By Sunita Mager
Bon Om Tuk, or the Water Festival, is the largest and most celebrated festival in the country that takes place over three days in November, with the biggest celebrations being where the Tonle Sap and Mekong River meet – in front of the Royal Palace in Phnom Penh.
What is Bon Om Tuk?
Cambodian culture is full of diverse, hidden symbols, myths and superstition; and, it’s not a surprise that this festival happens during the full moon. The festival is also said to have many historical and cultural meanings since its first celebration in the 12th century. The importance of a successful fishing season, a fruitful rice harvest and the meaningful King’s Navy are all represented in the festivities.
According to history, King Jayavarman VII’s Navy helped usher in the Cambodian fishing season.
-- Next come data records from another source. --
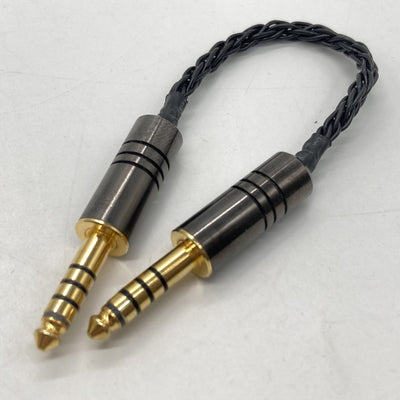 【中古】Jet 4.4-4.4 Short cable 【JET-4GP4GP-ELSAS】【秋葉原】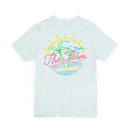 The Farmer's Collective - Neon Farmer Tee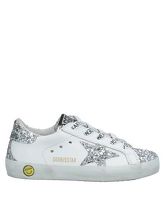 GOLDEN GOOSE DELUXE BRAND Low Sneakers & Tennisschuhe
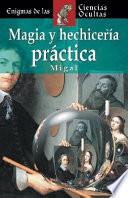 Libro Magia y Hechiceria Practica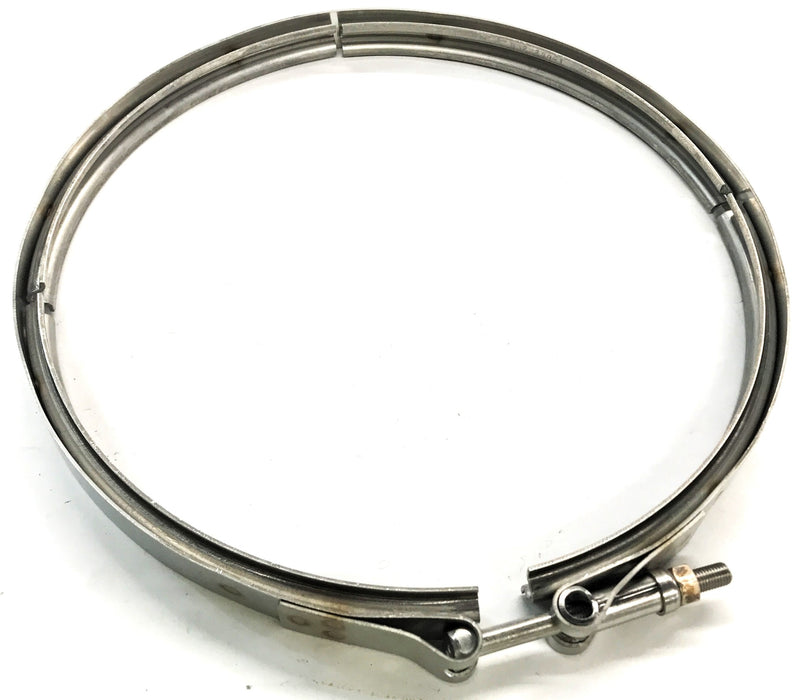 Cummins V-Band Clamp 2871862 NOS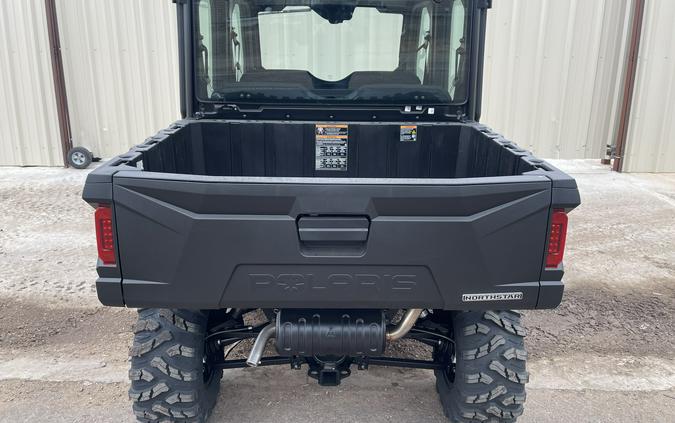 2026 Polaris Ranger Crew SP 570 NorthStar Edition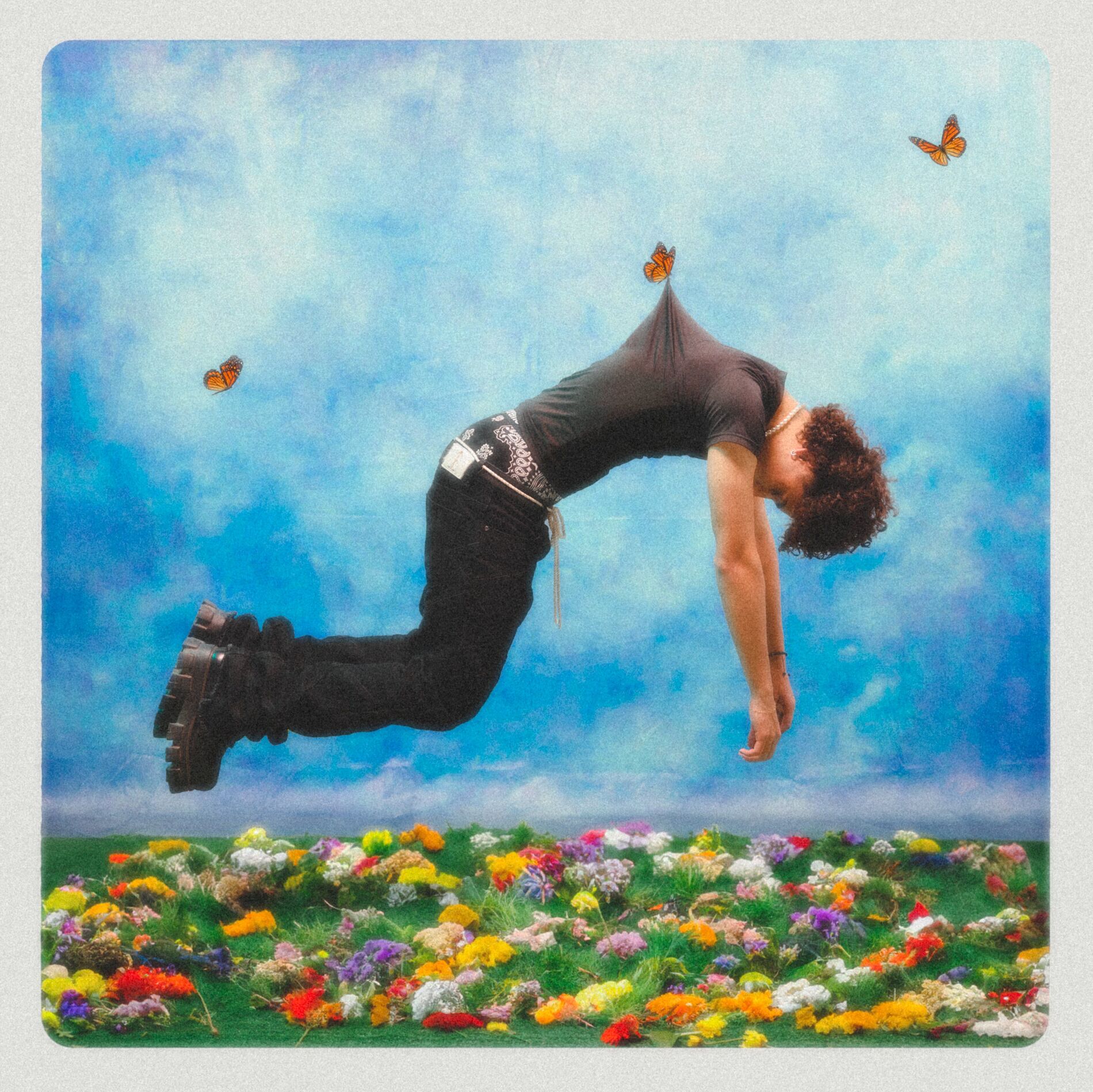 Album cover of ATRAPADO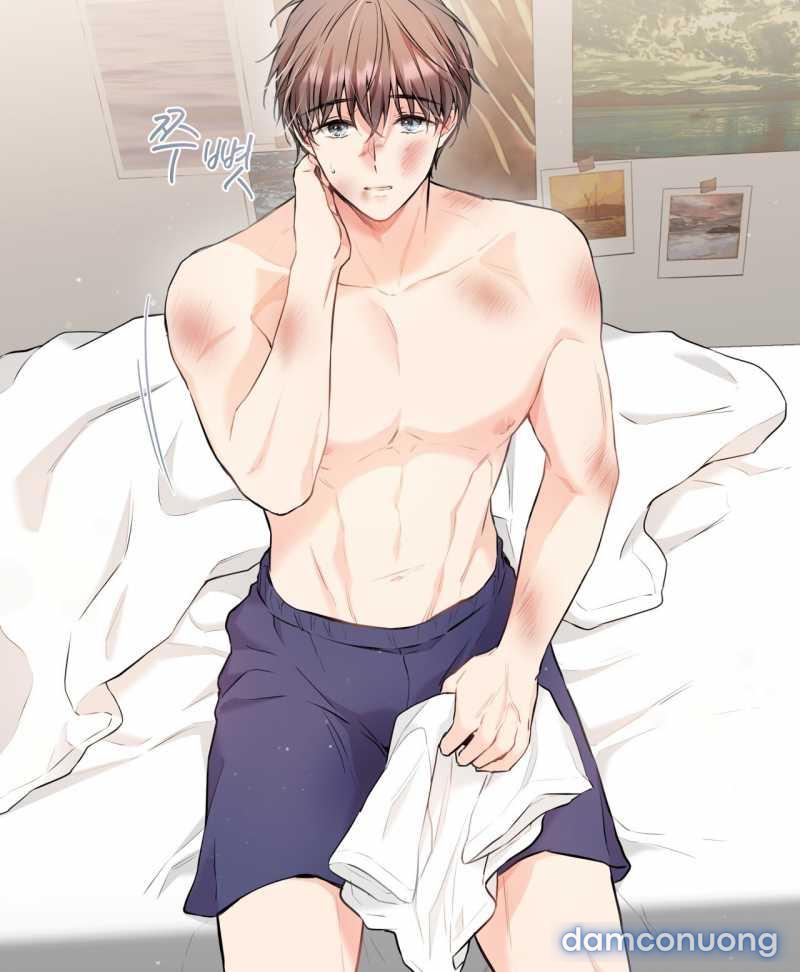 [18+] Trong Nhà Tôi Có Chuột 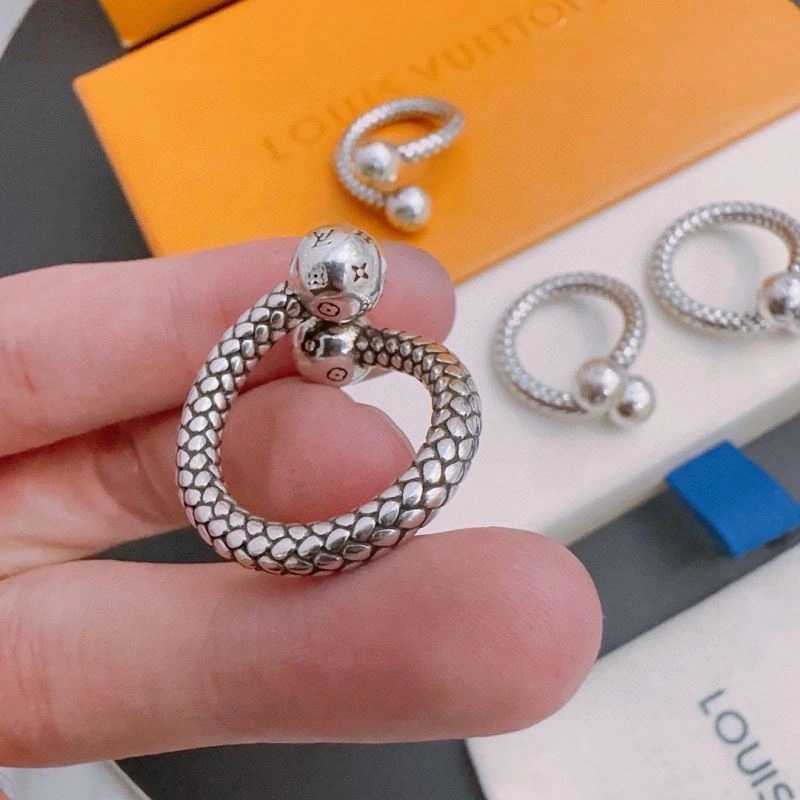 Louis Vuitton Rings GoodFit 250352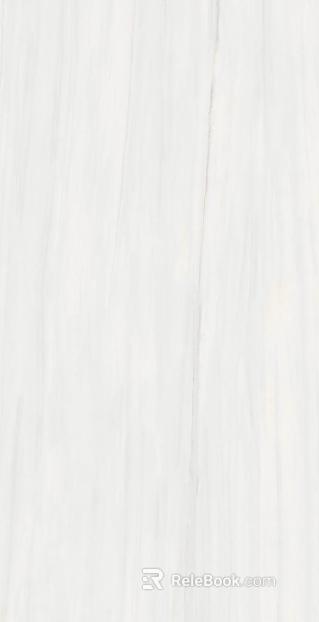 Straight grain marble white striped stone texture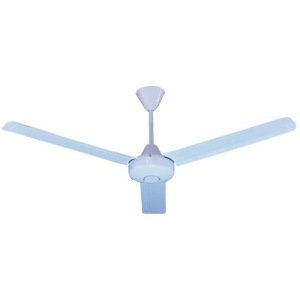 Windy 52” Dome Light Ceiling Fan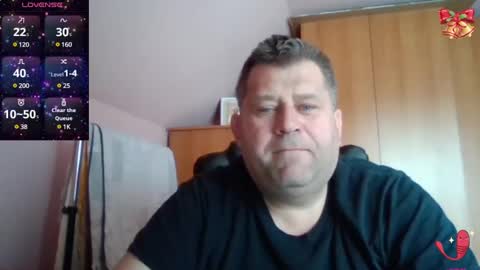 Snapshot of freeboy80180 chatting on 02.05.25 freeboy80180 online show from 02.05.25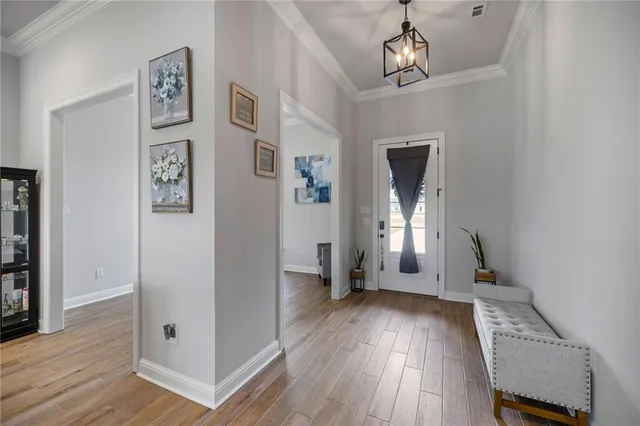 $362,999 | 44185 Lake Willow Road, Hammond, LA 70403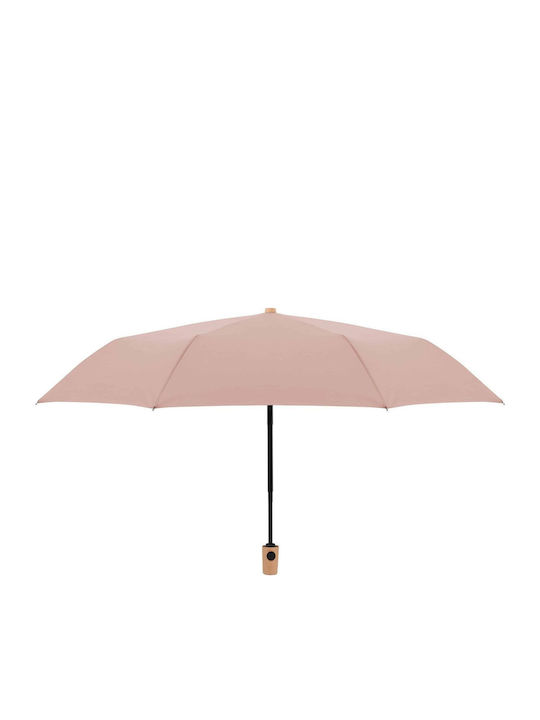 Doppler Magic 29cm Regenschirm Kompakt Rosa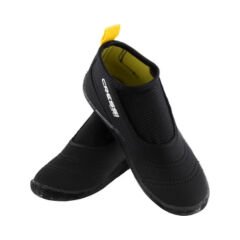 Cressi Aquatrek Dalış Çizmesi BLACK - XS 36-37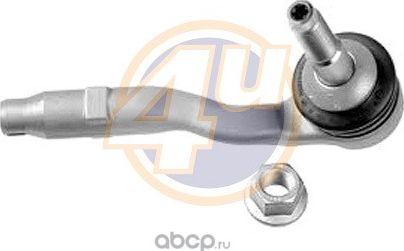 Наконечник рулевой тяги 4U правый для Alpina B7 F01/F02 2009-2012. Артикул BW-A-10772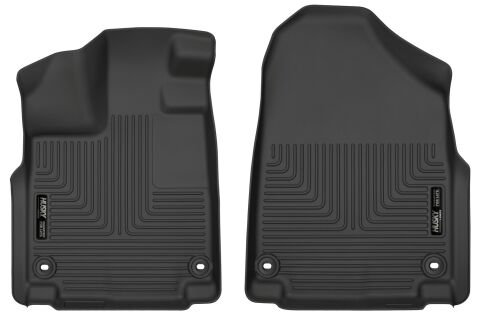 Weatherbeater - Front Floor&nbsp;Liners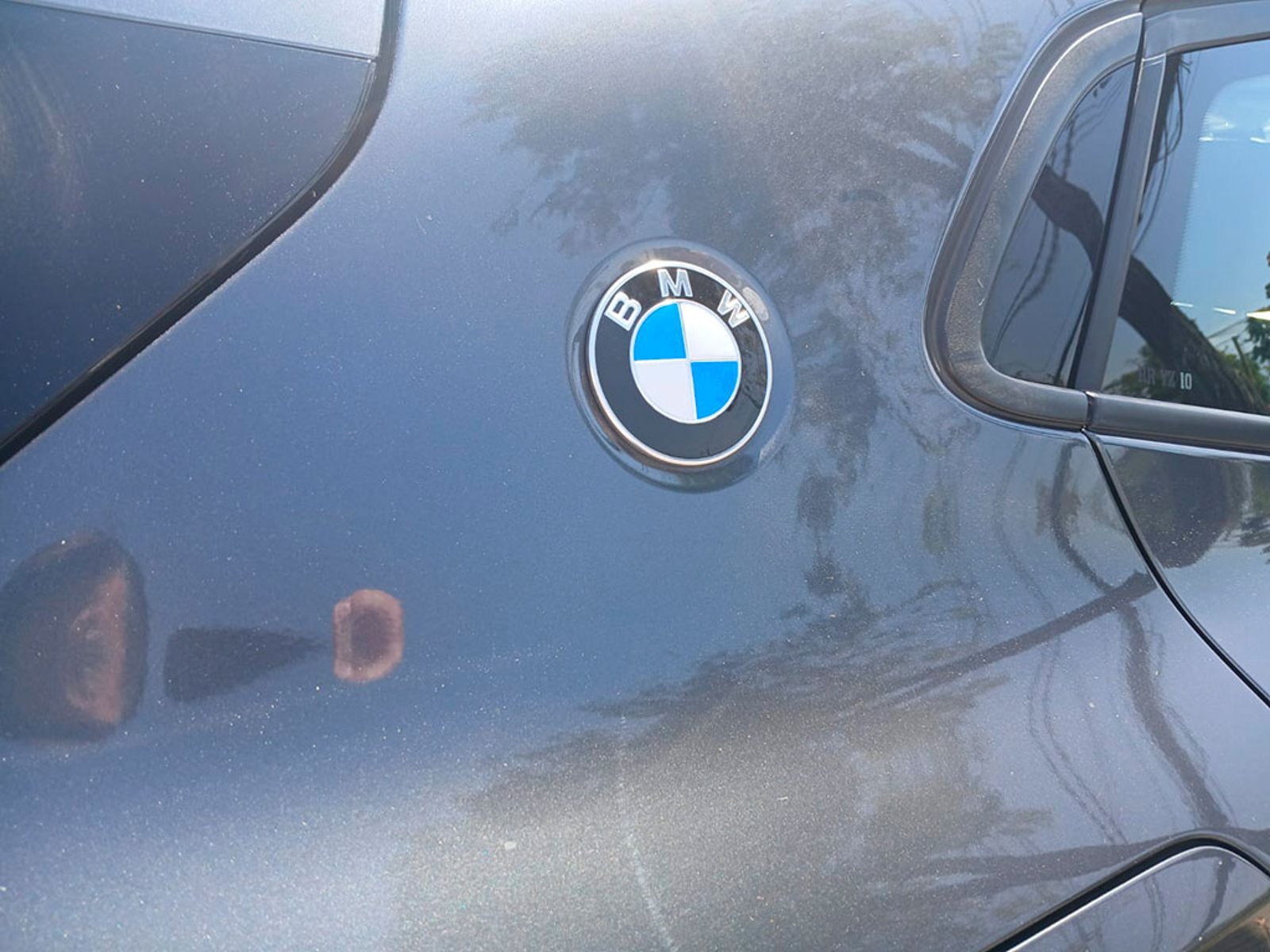 BMW X2 1.5 S-DRIVE 18I DYNAMIC 2022 - Imagen 10 de 20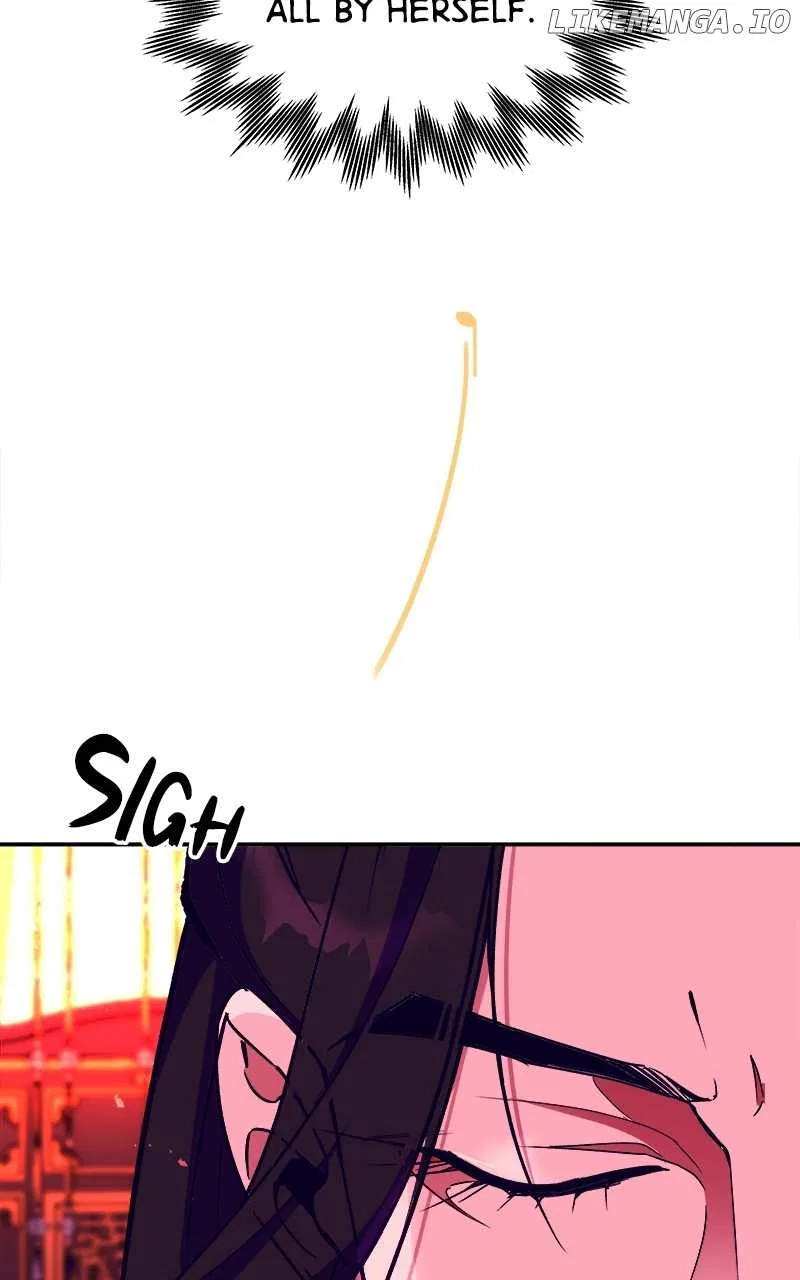 How a Goddess Wins Over Tigers Chapter 42 – Page 16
The festivities made the gods happy and secured good harvests of rice and fish in the upcoming year. Bon Om Tuk was also a way for the King to prepare his navy for battle. Carvings at Bayon Temple and Banteay Chmear show naval battles similar to the boat races in present-day celebrations.
How to Celebrate Bon Om Tuk
Bon Om Tuk is celebrated in every province. Some spend the time celebrating with their families. They go to see the boat racing and some travel around the provinces to see how they celebrate water festival in different communities. The second day is a full moon, and many celebrate and pray to the moon by putting things like fruits, coconuts and special rice in front of their houses. They believe that by doing so, the moon will give them good luck.
Another good way to celebrate Bon Om Tuk it is to make a special trip from the provinces to the capital city, Phnom Penh. Here, the boat racing event is the biggest highlight. It is a tradition that dates back to the times of the ancient Khmer Empire that marks the strength of the powerful Khmer marine forces. Boat race teams arrive a few days before to practice along the Tonle Sap River. The boats are often sponsored by individual donors and government officials.
The river bank is a hot spot of activities, food vendors and musicians and it is the best place to watch the boat race, see the illuminated floats and moon salutation. Many people lay out a picnic mat, eat and drink, and cheer for their teams.
At night, you will see people floating small, handmade boats in the river along with many, many floating candles. Different government ministries create their own larger illuminated boats. Later in the evening there are beautiful fireworks displays that last around 20 minutes.
Here in Siem Reap, we also have many visitors who come to see the boat races along the Siem Reap River. It is a good alternative to Phnom Penh because people can also visit the temples of Angkor at the same time. The river bank is full of activities, music and food vendors and cheering crowds. As a visitor this should definitely be on your must-see list.